Exercise aim:
Beginning at the line with "Shaabloom Pop Cat GIF", please repeat each line exactly through the end of the records below, including that first line and the last, but no pictures.

START Given data

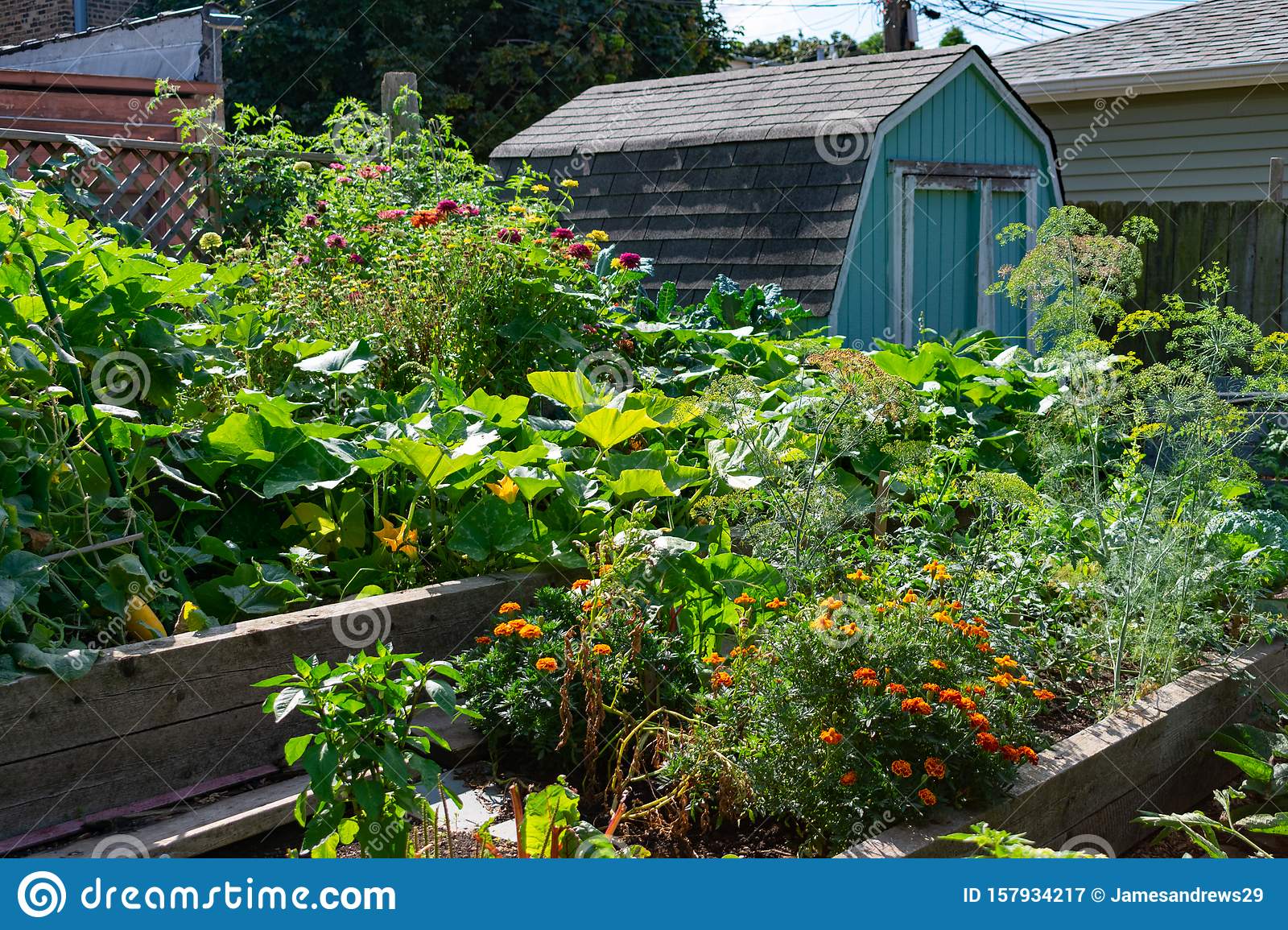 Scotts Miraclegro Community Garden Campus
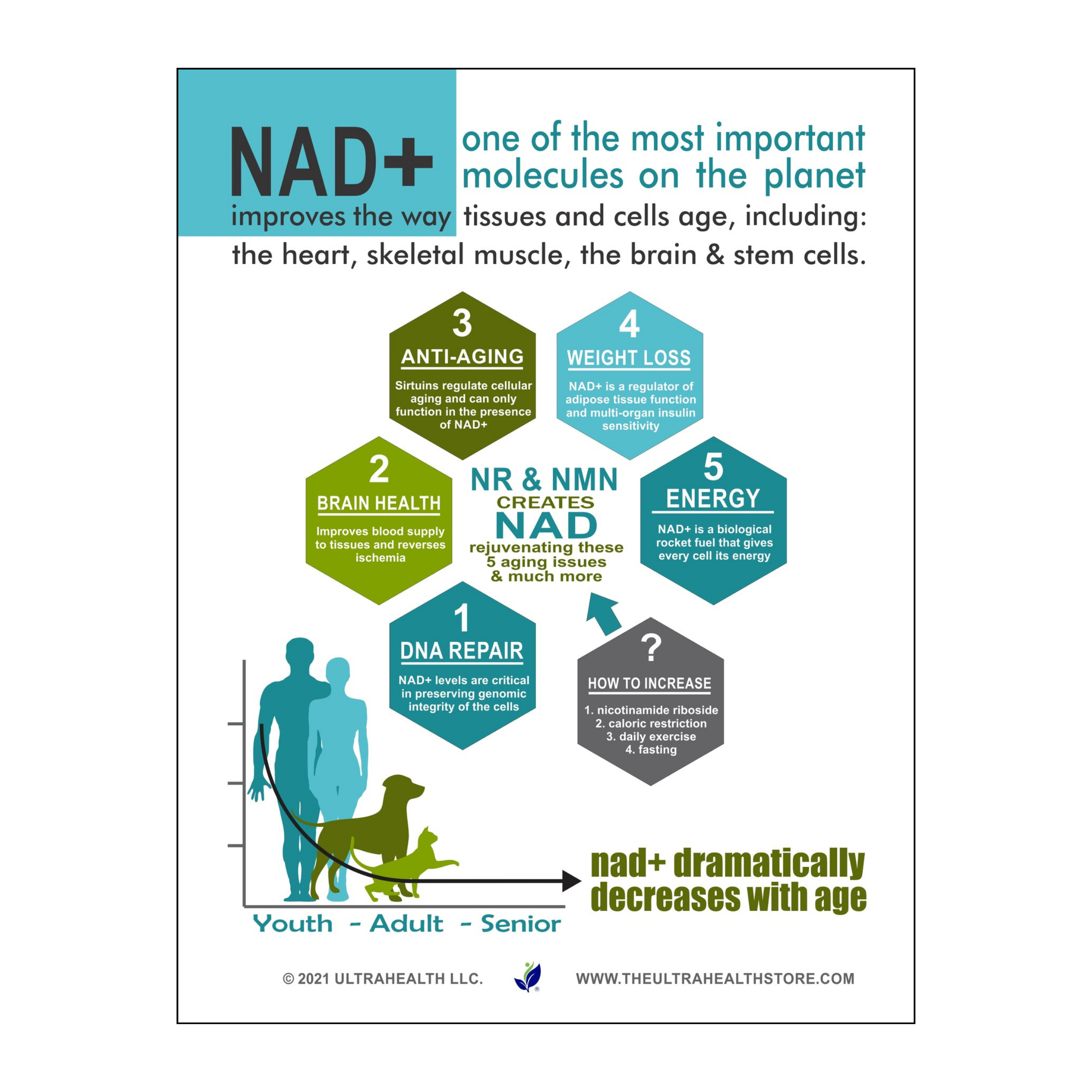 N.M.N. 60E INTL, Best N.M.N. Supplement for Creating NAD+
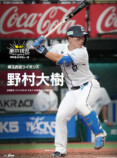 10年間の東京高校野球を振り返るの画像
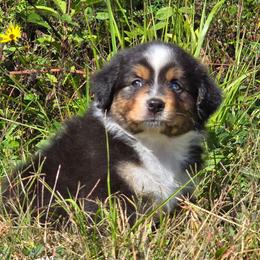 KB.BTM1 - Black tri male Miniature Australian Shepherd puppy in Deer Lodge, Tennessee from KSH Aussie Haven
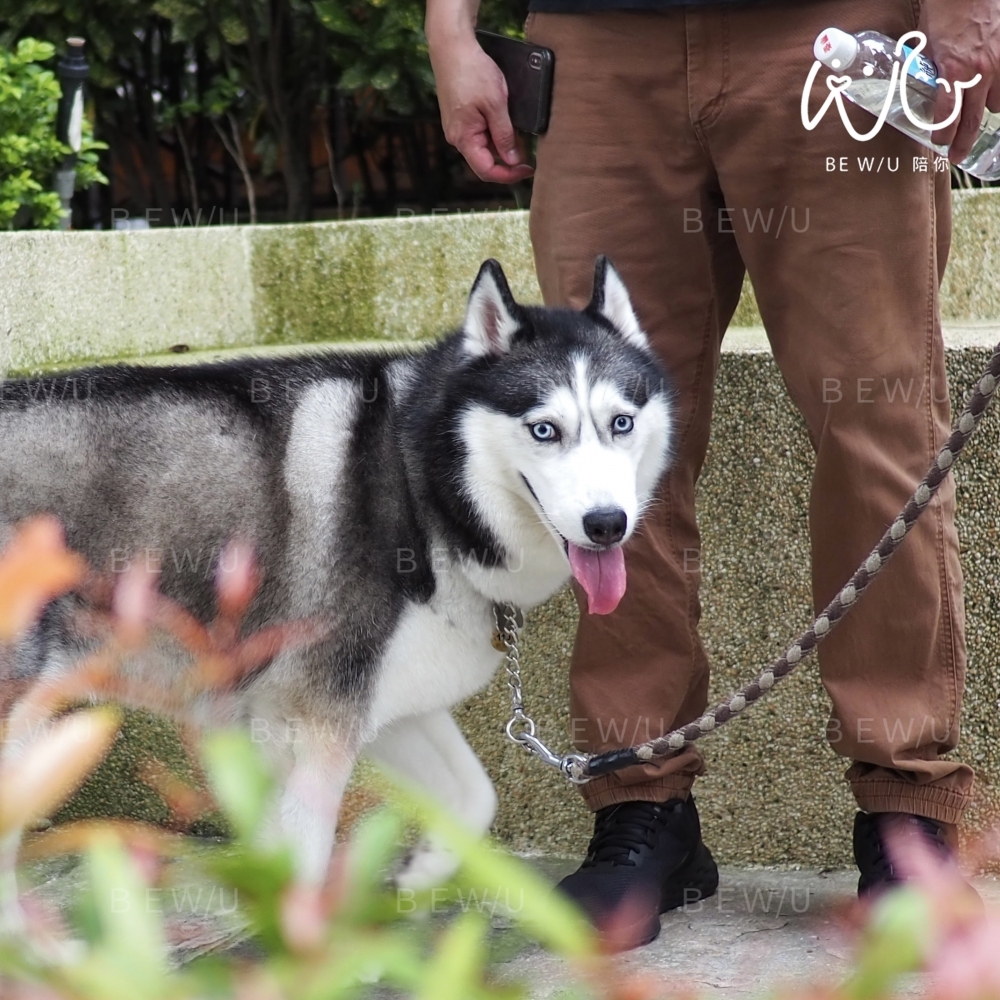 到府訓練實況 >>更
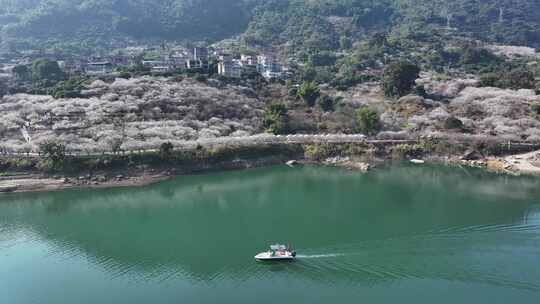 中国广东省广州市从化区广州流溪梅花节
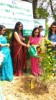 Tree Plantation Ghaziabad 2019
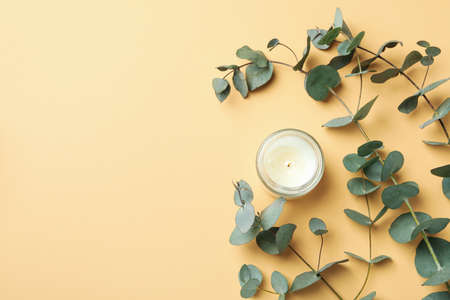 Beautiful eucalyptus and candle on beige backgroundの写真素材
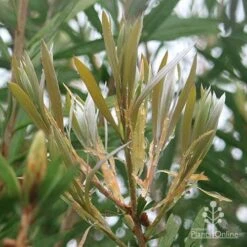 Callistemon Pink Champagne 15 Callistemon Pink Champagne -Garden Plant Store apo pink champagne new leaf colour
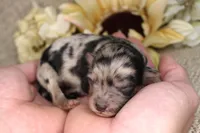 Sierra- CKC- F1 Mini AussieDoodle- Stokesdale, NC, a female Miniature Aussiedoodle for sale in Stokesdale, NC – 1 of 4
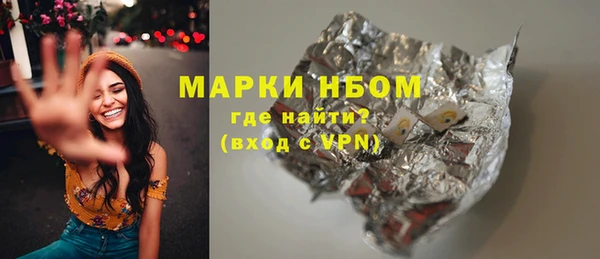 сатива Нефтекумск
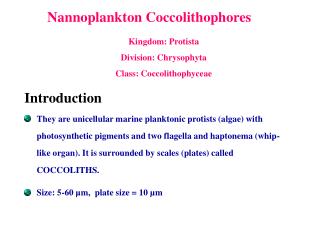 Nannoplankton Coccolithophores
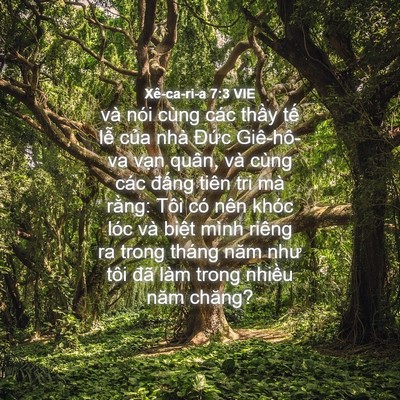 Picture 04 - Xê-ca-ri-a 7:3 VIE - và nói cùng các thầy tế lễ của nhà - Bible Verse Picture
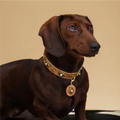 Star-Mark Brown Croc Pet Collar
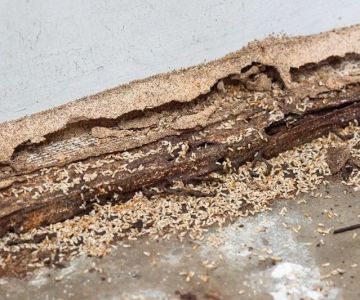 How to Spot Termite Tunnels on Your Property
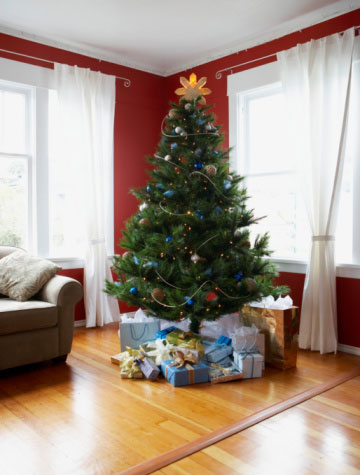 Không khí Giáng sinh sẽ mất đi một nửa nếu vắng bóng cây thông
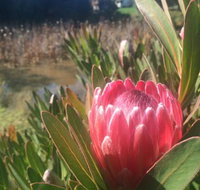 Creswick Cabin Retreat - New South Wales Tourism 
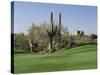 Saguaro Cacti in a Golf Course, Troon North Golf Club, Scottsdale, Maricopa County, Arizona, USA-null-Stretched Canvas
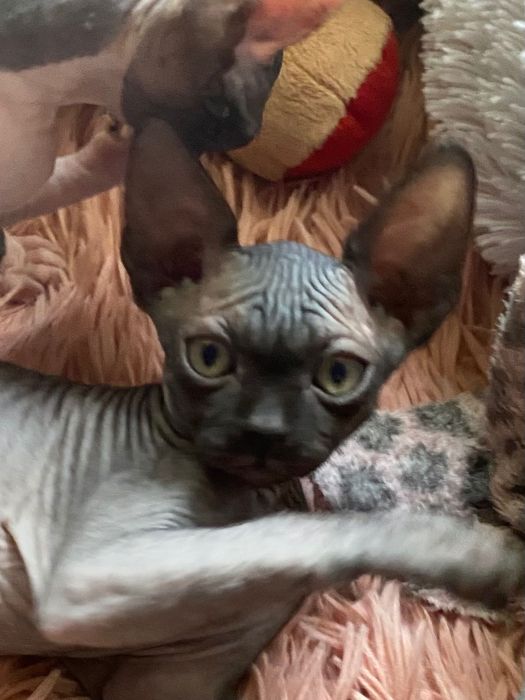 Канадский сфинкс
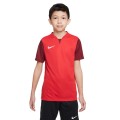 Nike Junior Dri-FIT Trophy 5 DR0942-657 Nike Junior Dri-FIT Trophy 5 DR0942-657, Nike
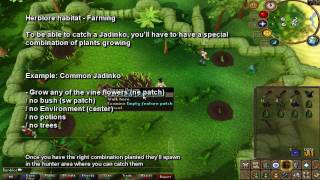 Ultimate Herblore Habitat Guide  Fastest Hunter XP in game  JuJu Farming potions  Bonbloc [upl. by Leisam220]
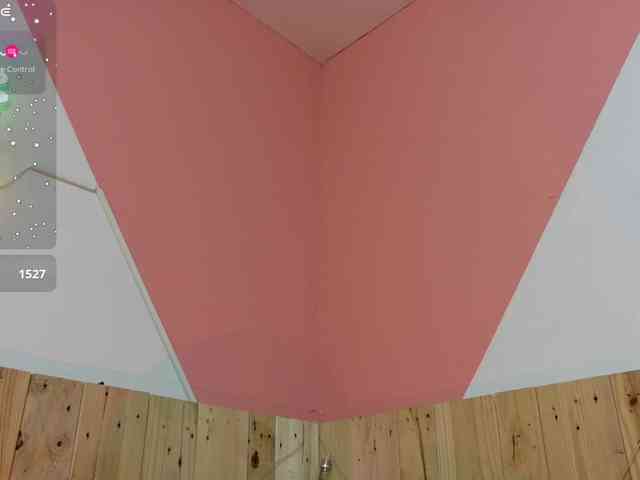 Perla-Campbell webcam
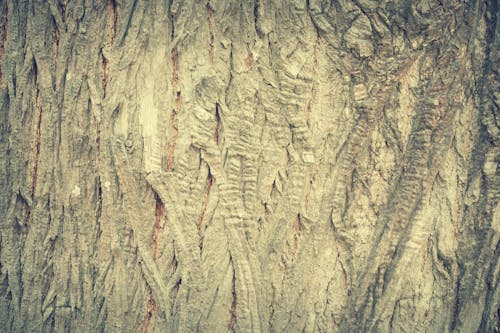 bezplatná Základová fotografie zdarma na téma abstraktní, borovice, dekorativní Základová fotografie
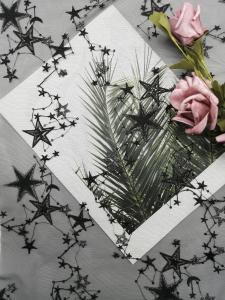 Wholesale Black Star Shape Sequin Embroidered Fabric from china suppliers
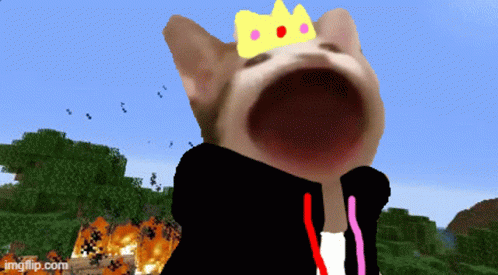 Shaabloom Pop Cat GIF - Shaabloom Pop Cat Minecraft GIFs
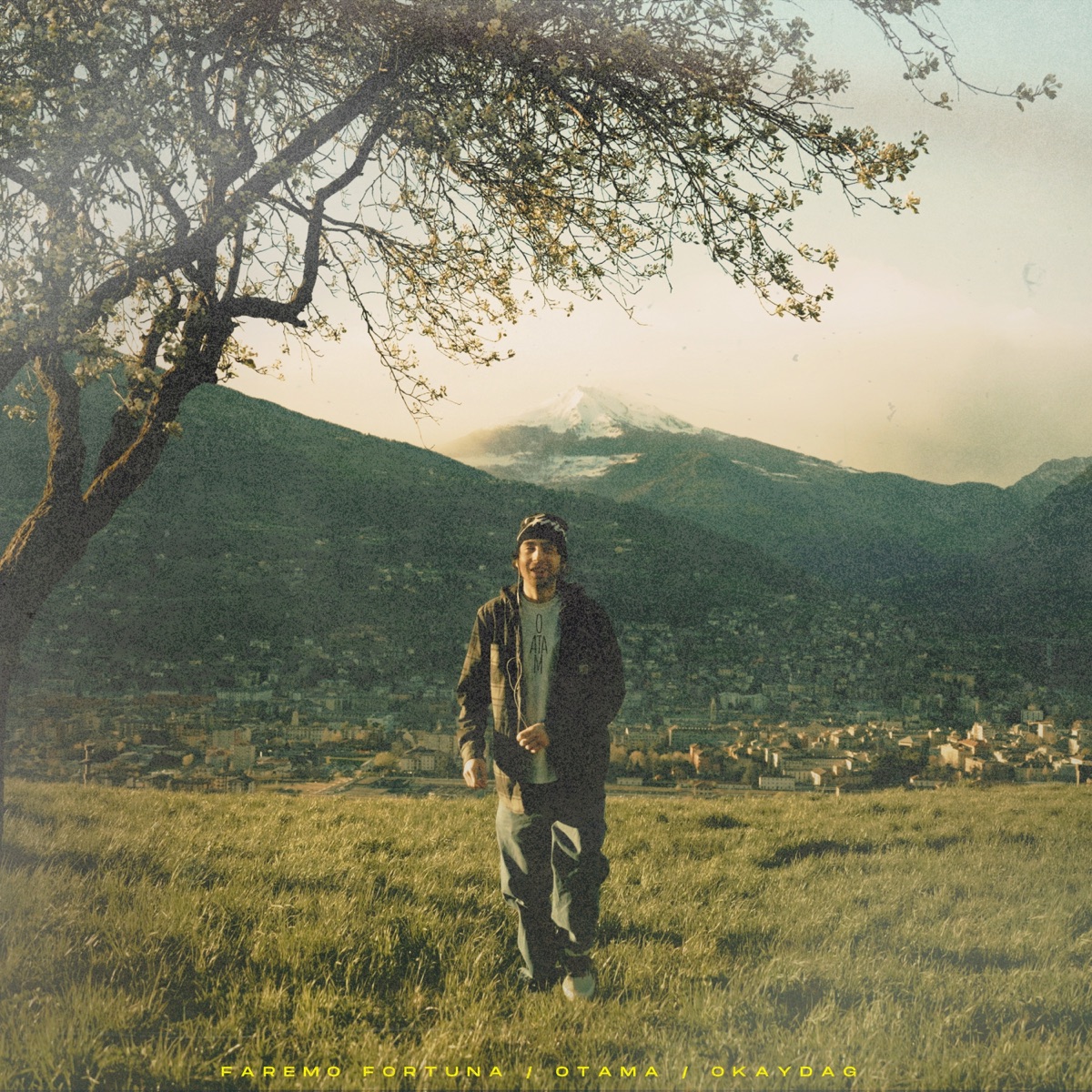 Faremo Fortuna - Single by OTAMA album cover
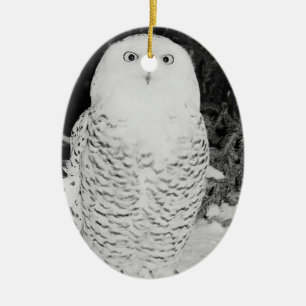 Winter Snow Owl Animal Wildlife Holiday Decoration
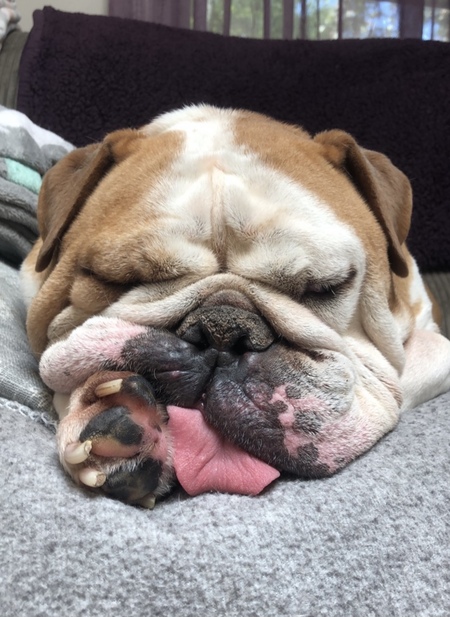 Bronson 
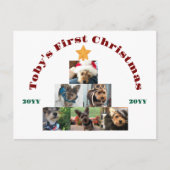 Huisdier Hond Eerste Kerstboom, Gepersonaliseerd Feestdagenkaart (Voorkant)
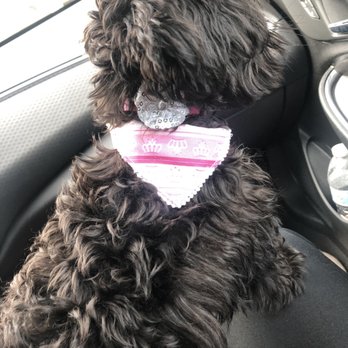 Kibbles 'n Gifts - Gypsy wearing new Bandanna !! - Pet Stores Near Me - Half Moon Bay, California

END Given data

Answer to this problem:
 Shaabloom Pop Cat GIF - Shaabloom Pop Cat Minecraft GIFs
 Faremo Fortuna - Single by OTAMA album cover
 Winter Snow Owl Animal Wildlife Holiday Decoration
 Bronson 
 Huisdier Hond Eerste Kerstboom, Gepersonaliseerd Feestdagenkaart (Voorkant)
 Kibbles 'n Gifts - Gypsy wearing new Bandanna !! - Pet Stores Near Me - Half Moon Bay, California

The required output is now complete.